Write fast and maintainable code with Halide - Part 1

Introduction
Need: Why should I care about yet another programming language?
What does Halide lang offer
Pros and Cons summary
Shout out to the development team
Article Series
References

Introduction

Halide is an open-source programming language designed to make it easier to write and maintain high-performance image processing or array processing code on modern machines. Halide currently targets

Different CPUs
Different Operating Systems
Diff compute APIs like CUDA, OpenCL, OpenGL, etc.

Rather than being a standalone programming language, Halide is embedded in C++. This means you write C++ code that builds an in-memory representation of a Halide pipeline using Halide’s C++ API. You can then compile this representation to an object file, or JIT-compile it and run it in the same process. You can read more about it at halide-lang.org.

Halide is used very often in Google, for example in the famous HDR+ algorithm that powers the camera app on the flagship Pixel devices. Beyond that, Halide pipelines are run at scale within Google Photos, Youtube and elsewhere [3].

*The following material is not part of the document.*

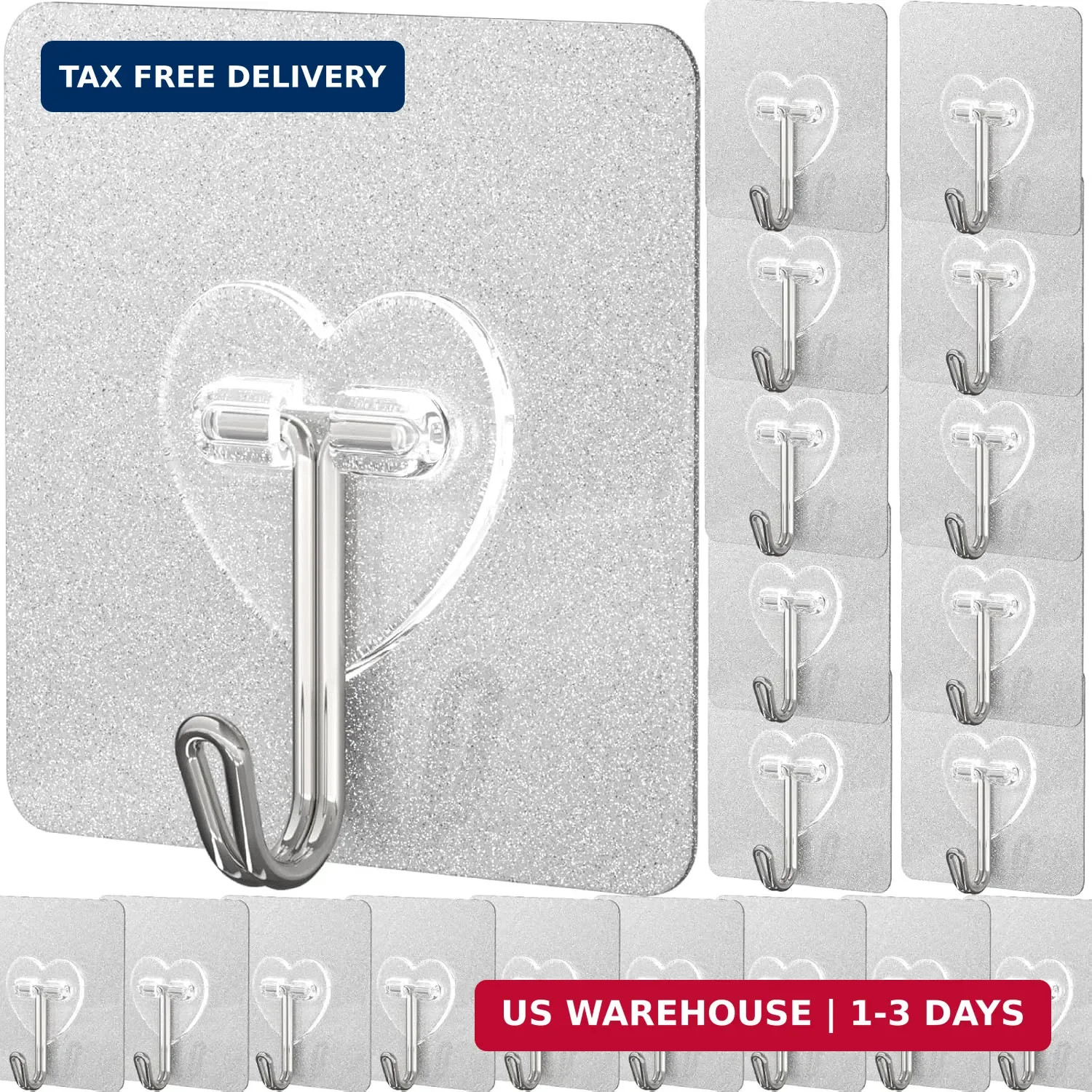 20-Pack Super Sticky Adhesive Hooks - Stainless Steel Hooks Hold Up To 22 lbs gallery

Figure: HDR image (left) & standard image (right). Captured with Camera from Google on a low end Android device.

I work on Camera from Google at Google and we use Halide language extensively for implementing our features like HDR or Night Mode. Migrating to Halide from Open CV helped us significantly improve performance of some of these algorithms on the arm chipsets that power most of Android devices.

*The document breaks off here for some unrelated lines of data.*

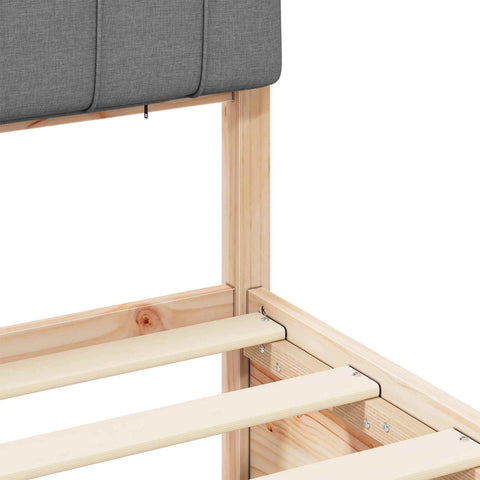 vidaXL Bed Frame with Upholstered Headboard Light Grey 200 x 200 cm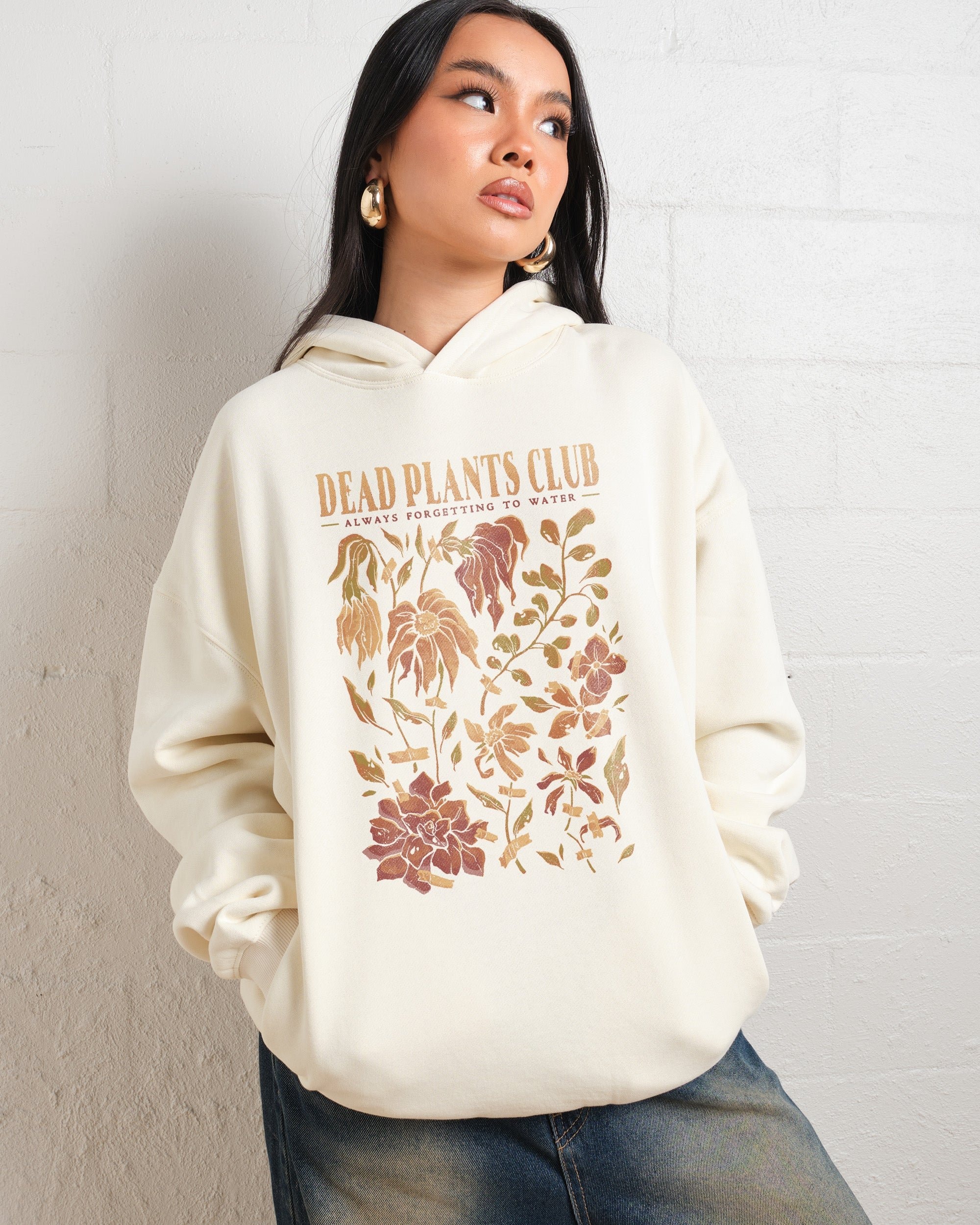 Dead Plants Club Unisex Graphic Hoodie - 90s Boxy Fit, 340gsm Cotton-Poly Blend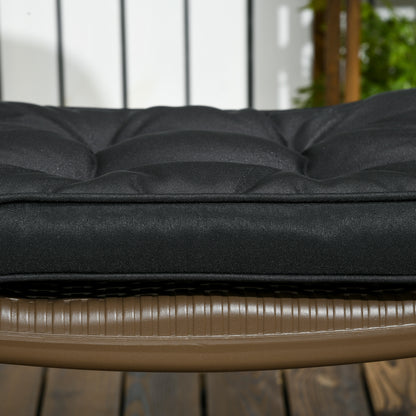 Set of 4 Garden Seat Cushion with Ties, 42 x 42cm Replacement Dining Chair Seat Pad, Black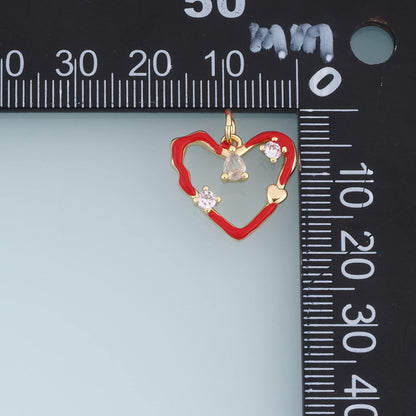 18K Gold Filled Enamel Heart Charm Pendant for Jewelry Making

Important Disclaimer: Any opinion called out in this article are my own and don’t reflect opinion or stance of the organizations I work with.

Need: Why should I care about yet another programming language?

Scale: Let’s look at the scale first

Modern hardware has become significantly powerful over time. But, so has the scale of the problem statements we are dealing with.

Let’s take the example of computational photography algorithms. These days mobile devices have fairly large image sensors. Certain Android devices are now shipping with as large as 108 Mega Pixels cameras. Even at a smaller resolution like 13MP, an image has ~13,000,000 pixels. If we have to run a simple brightening operation like

f(x) = a * x + b

We have to run this function for ~13 million pixels.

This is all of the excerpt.